Nel ’22 organizza la Mostra internazionale della legatura artistica a Palazzo Pitti (oltre 1000 le antiche legature esposte), nel ’26 a Parigi la sontuosa Mostra del Libro Italiano, interamente finanziata da lui. E poi le consulenze bibliografiche per grandi committenti, per i quali “disegna” magnifiche raccolte librarie: per Vittorio Cini con gli straordinari illustrati veneziani del Rinascimento (da lui poi descritti nel ’41 nel catalogo Il Castello di Monselice) e che, sempre grazie a De Marinis, acquista nel ’39 la celebre collezione del Principe d’Essling; quindi per J.P. Morgan con parte della grande collezione Melzi (che comportò le tante ombre di cui accennavamo, perché la Melzi era patrimonio dell’Italia e quindi vincolata); il recupero, col relativo rientro in Italia nel 1923, della celebre Bibbia miniata per Borso d’Este, la donazione nel ’64 alla Vaticana della propria straordinaria raccolta di legature del XV e XVI secolo (causa di un forte dissidio con la moglie Clelia Zucchini); inoltre i suoi due “monumenti” bibliografici che il mondo ci invidia: tra il ’47 e il ’69 la ricostruzione della biblioteca napoletana dei re aragonesi (opus magnum stampato da Hans Mardersteig in 4 volumi + 2 supplementi), nel ’60 la Legatura artistica in Italia nei secoli XV e XVI, le altre innumerevoli pubblicazioni storico-bibliografiche, comprese le tante voci specialistiche sul libro redatte per l’Enciclopedia Treccani.

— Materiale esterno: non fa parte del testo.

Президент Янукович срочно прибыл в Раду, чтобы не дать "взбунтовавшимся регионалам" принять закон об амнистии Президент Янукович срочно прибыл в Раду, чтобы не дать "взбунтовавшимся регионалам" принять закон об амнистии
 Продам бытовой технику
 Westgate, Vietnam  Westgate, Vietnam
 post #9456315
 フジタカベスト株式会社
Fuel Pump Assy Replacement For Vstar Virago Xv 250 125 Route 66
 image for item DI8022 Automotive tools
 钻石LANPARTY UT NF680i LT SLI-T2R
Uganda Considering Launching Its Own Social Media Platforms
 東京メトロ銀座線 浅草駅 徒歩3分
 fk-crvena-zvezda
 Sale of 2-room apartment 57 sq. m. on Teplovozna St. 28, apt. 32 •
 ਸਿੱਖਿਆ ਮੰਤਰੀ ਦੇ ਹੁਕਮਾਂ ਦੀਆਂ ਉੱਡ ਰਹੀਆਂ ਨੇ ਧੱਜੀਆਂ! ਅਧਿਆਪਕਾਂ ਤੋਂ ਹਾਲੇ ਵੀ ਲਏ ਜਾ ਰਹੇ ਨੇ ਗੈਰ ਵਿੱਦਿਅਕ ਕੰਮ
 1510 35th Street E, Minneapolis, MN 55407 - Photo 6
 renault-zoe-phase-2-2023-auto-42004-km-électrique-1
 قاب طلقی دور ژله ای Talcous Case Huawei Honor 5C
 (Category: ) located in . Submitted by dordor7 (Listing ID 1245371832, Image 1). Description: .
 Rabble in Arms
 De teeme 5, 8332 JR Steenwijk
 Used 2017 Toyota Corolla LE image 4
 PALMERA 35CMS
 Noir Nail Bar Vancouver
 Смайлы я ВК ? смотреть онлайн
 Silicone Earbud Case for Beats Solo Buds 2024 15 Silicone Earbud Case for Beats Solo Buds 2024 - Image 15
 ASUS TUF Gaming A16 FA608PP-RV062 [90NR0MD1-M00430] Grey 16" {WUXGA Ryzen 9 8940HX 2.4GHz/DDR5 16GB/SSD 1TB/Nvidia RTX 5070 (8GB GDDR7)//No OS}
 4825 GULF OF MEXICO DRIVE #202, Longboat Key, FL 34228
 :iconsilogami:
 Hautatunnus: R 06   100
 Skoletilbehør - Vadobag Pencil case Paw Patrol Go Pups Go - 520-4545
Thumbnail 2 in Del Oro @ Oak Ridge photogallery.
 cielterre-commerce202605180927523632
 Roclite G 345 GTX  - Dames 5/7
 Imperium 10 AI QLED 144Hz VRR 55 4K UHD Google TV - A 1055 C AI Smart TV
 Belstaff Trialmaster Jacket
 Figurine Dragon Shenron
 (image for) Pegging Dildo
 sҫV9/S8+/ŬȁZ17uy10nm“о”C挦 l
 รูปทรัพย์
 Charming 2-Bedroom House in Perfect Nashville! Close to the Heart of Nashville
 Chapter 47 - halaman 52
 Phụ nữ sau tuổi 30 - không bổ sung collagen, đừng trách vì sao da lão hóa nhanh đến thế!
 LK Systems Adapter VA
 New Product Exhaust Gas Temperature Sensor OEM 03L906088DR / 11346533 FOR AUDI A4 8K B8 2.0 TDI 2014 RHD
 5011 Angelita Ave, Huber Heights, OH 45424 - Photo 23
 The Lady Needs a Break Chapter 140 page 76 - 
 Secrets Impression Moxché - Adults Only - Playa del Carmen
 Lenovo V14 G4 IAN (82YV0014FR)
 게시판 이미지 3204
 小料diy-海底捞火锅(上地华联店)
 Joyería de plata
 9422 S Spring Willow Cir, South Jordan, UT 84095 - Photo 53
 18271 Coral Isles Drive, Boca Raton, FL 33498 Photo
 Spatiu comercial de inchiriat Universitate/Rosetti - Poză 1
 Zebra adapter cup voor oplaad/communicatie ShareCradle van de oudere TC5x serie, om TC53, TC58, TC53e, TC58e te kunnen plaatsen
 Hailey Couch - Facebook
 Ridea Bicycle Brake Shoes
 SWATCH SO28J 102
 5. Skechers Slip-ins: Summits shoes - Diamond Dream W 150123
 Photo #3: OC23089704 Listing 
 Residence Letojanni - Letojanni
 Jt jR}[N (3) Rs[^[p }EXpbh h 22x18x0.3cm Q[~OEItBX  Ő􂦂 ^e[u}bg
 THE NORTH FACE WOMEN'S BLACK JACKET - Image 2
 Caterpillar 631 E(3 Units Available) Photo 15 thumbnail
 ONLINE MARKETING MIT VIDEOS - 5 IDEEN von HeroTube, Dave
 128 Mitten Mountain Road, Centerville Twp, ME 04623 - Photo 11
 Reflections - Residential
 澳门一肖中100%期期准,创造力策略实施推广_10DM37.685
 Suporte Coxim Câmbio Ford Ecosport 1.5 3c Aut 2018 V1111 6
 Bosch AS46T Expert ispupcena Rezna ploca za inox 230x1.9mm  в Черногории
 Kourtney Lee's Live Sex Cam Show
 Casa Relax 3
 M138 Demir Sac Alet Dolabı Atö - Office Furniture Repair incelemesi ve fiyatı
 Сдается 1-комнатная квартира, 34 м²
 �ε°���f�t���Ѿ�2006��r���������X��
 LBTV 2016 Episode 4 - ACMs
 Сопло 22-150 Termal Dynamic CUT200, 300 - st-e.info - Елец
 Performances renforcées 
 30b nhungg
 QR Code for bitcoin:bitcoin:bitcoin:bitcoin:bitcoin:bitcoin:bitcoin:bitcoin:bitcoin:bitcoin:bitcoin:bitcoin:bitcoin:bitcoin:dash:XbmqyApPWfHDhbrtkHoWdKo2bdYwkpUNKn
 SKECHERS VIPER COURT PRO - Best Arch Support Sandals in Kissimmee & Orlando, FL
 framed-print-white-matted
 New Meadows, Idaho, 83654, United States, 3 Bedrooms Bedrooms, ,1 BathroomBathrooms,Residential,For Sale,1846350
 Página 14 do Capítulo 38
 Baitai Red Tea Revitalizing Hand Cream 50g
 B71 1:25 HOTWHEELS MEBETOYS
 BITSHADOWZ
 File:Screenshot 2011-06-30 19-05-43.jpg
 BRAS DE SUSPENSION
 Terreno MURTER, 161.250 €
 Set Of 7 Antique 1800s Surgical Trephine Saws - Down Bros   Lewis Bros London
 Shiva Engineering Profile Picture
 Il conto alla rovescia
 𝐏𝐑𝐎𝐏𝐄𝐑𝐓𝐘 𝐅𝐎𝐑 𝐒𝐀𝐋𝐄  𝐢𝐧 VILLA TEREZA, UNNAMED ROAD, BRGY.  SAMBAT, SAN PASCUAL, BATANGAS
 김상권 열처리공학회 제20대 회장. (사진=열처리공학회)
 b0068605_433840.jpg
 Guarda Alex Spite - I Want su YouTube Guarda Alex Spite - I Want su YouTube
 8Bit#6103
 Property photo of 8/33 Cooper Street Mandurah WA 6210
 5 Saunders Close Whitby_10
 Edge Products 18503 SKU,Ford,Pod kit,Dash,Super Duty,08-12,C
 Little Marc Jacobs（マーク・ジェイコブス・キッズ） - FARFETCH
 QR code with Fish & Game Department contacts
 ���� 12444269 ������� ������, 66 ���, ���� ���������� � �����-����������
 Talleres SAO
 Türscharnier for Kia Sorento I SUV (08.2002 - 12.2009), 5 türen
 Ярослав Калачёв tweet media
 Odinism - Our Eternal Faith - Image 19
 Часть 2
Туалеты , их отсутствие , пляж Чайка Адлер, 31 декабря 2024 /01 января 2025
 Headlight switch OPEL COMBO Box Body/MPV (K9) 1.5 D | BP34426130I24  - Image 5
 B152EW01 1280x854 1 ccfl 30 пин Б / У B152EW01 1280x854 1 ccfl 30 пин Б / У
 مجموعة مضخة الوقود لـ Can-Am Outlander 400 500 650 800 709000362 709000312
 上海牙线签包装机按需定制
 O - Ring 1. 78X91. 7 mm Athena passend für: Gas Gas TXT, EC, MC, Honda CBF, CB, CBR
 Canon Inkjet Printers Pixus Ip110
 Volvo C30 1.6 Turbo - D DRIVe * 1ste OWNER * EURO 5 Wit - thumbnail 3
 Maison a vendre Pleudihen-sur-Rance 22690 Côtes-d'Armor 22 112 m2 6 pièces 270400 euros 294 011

Infine la vasta rete di rapporti internazionali ma con al centro, sempre e comunque, il nucleo caldo della sua città: in primis Palazzo Filomarino, il “Quirinale laico” dal quale si irradiò per tutta la prima metà del ‘900 il magistero culturale di Croce, al quale De Marinis fu legato fin da giovane da profonda amicizia, affetto e stima reciproca, e che il carteggio appena pubblicato così bene testimonia e documenta.